Luxury used to have a very clear-cut definition. A luxury item usually had a hefty price tag, came from a well-respected legacy brand, and was accessible only to a certain income level. Now, the luxury goods market has been entirely disrupted—even the word itself can be interpreted in many different ways. This was apparent when Louis Vuitton recently partnered with fashion designer Virgil Abloh, who is known for his tendency towards streetwear, and Gucci released a pair of sneakers for its Pre Fall 2018 line.
This past June, at the Voice of Luxury conference put on by The French-American Luxury Exchange, luxury insiders discuss the ever-changing definition of luxury. Read some insights below, according to Quartzy:
The changing definition of luxury is due to shifting consumer values. Today’s consumers are heavily focused on image and storytelling. When a brand’s success is placed on their ability to tell a meaningful story, it becomes possible for them to sell a product—such as sneakers or sweats—that would historically not be considered a luxury item.
Luxury is more inclusive than ever. The luxury market is not nearly as exclusive as it used to be. Rather than a walled-off privilege, it is becoming more attainable to the everyday consumer. At Rent The Runway, a consumer can rent a designer jacket or dress for a month.
Brand ambassadors don’t need to be A-list celebrities. Usually strictly reserved for the major celebrities, social media influencers—such as YouTuber Jeffree Star for Chanel—have become the face of luxury brands.
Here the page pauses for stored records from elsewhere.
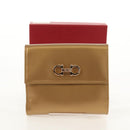 Salvatore Ferragamo Gancini Wallet Leather Gold Auth am10043V-12
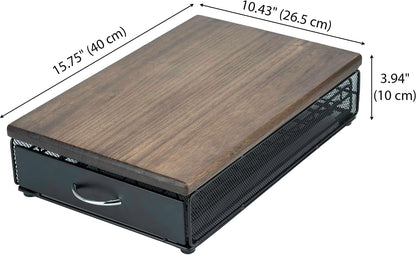 for Vertuo Coffee Capsule Storage Drawer Compatible with Nespresso Vertuoline Pods Holder Metal and Wood Top Organizer (can hold 40 Pods)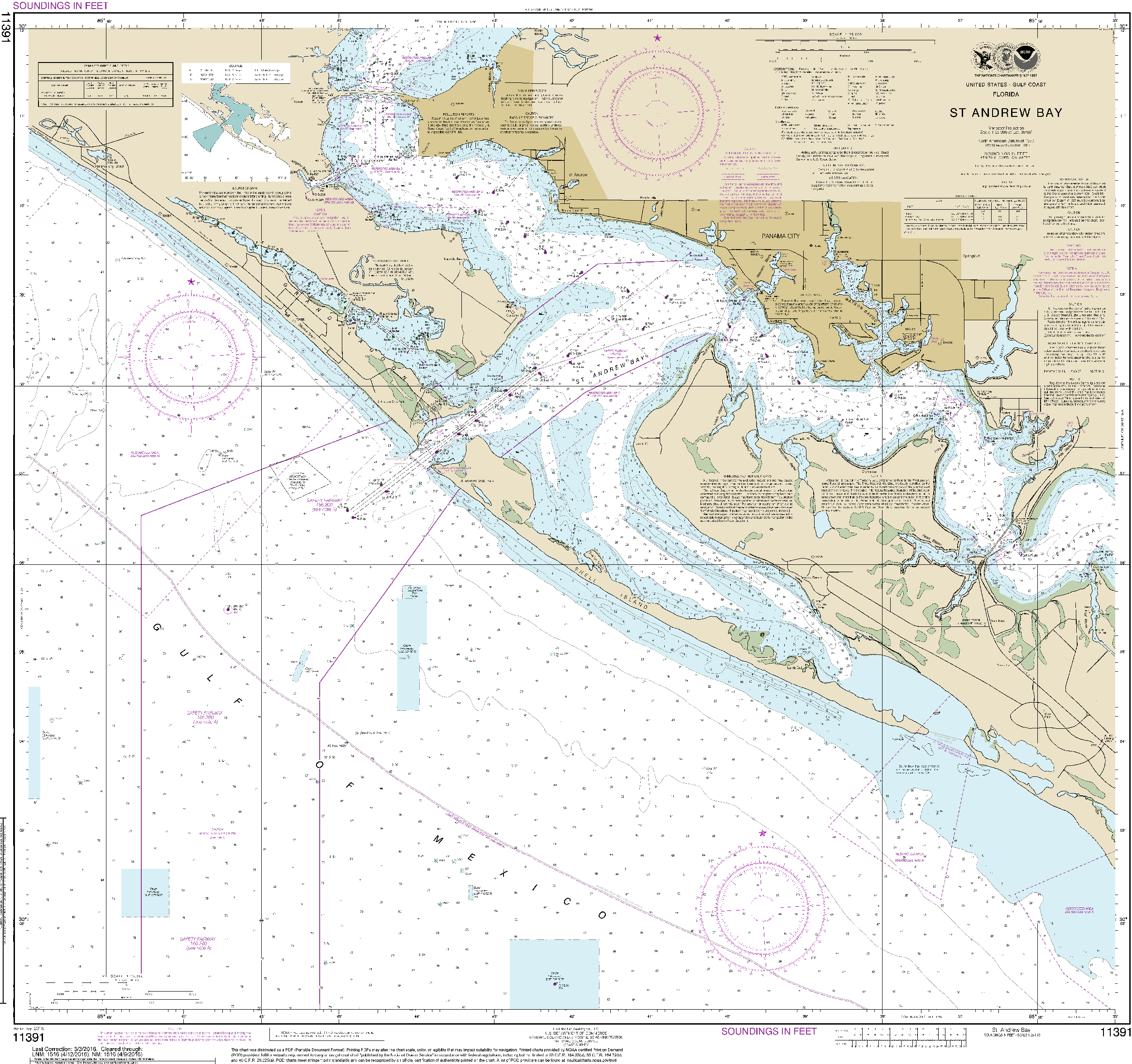 NOAA Nautical Chart 11391: St. Andrew Bay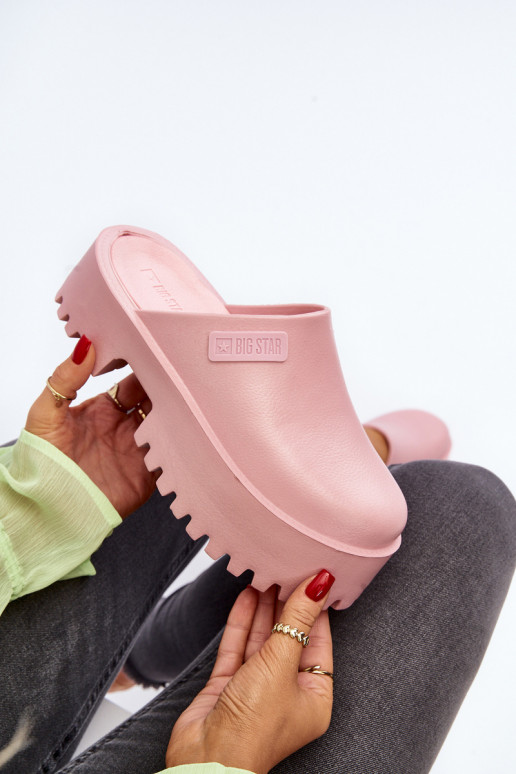 Women's Slides with Chunky Sole Big Star NN274020 Pink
As far as consumers are concerned, luxury is never going back to the clean definition it was before. From now on, it’s a constantly changing entity. Quartzy notes, “As a mindset, it’s a tricky one for luxury labels to maintain, when part of what makes a product desirable, whether it’s a Chanel bag or a rare pair of Jordans, is that not everyone can get it. But the world is changing, and luxury will have to change with it.”
For more info, check out Quartzy.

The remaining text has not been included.